41. Solve for x: ln(3x − 2) = 2.
Answer
x = (e^2 + 2)/3 — 3x − 2 = e^2.
42. Find the inverse of y = 3 ln(2x + 1) − 5.
Answer
y = ( e^{(x + 5)/3} − 1 ) / 2 — Swap, isolate ln, exponentiate, solve for y.
43. Solve the inequality: log_5(x − 1) ≤ 2.
Answer
x ≤ 26, with x > 1 — x − 1 ≤ 25 ⇒ x ≤ 26 and domain x > 1.
44. Find the x-intercept of y = 10^x − 7.
Answer
x = log_10(7) — Set y = 0 ⇒ 10^x = 7.
45. Simplify: ln x − (1/2) ln(x − 1) + ln 3.
Answer
ln( 3x / √(x − 1) ) — Combine using log rules (x > 1).
46. Solve for x: 5·2^x = 3^x.
Answer
x = ln(1/5) / ln(2/3) — (2/3)^x = 1/5 ⇒ x = ln(1/5)/ln(2/3).
47. Model identification: y = a·b^x passes through (0, 12) and (2, 48).

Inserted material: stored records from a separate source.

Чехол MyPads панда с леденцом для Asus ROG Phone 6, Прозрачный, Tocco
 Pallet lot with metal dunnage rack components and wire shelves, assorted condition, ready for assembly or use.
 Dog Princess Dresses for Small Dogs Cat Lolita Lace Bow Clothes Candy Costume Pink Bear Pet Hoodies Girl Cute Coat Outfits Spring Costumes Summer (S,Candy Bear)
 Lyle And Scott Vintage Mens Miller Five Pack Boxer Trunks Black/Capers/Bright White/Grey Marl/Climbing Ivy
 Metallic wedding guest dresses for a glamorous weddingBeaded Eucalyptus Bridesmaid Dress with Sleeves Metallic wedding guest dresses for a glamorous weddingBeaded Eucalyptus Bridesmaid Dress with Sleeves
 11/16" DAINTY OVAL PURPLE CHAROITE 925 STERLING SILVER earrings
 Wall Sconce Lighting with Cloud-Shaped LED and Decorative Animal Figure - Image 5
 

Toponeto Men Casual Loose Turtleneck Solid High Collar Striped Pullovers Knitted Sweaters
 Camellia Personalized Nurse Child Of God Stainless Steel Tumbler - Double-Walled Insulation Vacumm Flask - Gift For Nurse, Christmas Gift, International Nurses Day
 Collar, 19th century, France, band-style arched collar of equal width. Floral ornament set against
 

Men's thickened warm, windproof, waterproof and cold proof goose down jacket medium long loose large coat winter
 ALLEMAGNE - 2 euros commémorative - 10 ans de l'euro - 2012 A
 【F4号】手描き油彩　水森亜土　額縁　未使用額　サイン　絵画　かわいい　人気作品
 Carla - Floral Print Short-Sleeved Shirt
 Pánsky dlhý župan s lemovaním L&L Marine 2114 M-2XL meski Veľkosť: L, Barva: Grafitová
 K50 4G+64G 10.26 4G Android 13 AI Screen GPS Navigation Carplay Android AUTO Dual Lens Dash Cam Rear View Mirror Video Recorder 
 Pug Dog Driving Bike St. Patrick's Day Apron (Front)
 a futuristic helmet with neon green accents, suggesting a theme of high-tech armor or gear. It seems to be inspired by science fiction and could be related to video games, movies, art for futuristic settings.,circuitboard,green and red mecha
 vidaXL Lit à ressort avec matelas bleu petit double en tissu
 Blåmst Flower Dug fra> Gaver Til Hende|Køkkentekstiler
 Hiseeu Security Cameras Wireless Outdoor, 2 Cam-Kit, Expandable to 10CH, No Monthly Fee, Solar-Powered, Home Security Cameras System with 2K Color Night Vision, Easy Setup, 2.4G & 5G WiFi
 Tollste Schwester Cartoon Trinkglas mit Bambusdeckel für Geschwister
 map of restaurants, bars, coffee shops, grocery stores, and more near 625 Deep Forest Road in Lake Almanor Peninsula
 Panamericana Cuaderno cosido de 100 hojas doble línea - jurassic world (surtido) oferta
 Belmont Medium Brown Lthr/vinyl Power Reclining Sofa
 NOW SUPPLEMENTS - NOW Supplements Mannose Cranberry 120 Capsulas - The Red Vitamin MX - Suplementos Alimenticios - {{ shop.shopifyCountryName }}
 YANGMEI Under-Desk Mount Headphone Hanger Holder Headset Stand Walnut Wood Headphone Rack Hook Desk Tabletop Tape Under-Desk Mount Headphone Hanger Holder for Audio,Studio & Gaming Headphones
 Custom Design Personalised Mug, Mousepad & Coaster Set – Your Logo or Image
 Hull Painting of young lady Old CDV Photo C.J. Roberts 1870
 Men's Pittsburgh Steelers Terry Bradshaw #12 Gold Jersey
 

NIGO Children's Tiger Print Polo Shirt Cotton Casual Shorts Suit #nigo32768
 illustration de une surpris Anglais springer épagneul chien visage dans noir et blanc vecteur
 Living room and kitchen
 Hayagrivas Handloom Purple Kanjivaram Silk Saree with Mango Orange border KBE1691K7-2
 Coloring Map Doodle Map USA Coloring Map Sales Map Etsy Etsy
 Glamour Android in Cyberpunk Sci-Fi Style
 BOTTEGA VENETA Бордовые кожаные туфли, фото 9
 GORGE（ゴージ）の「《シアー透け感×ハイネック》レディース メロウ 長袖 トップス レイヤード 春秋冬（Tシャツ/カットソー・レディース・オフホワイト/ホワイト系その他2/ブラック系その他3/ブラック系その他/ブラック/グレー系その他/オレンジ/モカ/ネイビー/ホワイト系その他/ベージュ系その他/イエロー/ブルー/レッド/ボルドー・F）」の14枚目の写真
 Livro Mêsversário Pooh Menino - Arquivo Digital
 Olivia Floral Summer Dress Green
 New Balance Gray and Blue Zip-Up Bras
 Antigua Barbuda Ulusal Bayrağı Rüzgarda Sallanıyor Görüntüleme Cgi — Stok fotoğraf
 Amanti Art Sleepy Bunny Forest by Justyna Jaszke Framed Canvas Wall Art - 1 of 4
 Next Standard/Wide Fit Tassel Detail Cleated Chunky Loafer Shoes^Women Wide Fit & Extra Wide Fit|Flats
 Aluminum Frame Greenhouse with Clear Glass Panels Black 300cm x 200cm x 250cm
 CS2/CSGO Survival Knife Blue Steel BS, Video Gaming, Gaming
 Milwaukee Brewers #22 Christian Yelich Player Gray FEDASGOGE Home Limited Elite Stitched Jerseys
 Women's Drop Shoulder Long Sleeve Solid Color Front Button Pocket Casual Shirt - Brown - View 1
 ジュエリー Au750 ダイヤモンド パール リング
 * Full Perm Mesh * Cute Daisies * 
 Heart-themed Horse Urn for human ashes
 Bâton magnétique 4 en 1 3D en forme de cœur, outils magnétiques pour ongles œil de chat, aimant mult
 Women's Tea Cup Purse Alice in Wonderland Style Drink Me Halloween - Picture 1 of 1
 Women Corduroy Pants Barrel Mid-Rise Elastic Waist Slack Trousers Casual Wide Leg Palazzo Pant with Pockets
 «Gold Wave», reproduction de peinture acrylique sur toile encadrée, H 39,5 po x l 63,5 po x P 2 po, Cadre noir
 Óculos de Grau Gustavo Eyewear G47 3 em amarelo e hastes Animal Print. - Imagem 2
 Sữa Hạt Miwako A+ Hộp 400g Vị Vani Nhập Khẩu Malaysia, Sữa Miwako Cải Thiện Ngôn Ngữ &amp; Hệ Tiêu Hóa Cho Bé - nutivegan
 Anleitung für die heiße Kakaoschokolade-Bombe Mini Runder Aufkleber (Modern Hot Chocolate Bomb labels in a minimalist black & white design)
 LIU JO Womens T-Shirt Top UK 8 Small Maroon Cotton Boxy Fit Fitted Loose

Find a and b.
Answer
a = 12, b = 2 — a = y(0) = 12; 12·b^2 = 48 ⇒ b = 2.
48. Solve for x > 0, x ≠ 1: log_x(16) = 4.
Answer
x = 2 — x^4 = 16 ⇒ x = 2 (positive base ≠ 1).
49. Given p = log_2 x and q = log_2 y, compute log_2( x^3 / (4y) ).
Answer
3p − q − 2 — log_2 x^3 − log_2 4 − log_2 y = 3p − 2 − q.
50. A semi-log line is given by log_10 y = 1.2x − 0.5. Find y when x = 2.
Answer
y = 10^{1.9} ≈ 79.43 — Substitute x = 2 ⇒ log_10 y = 1.9.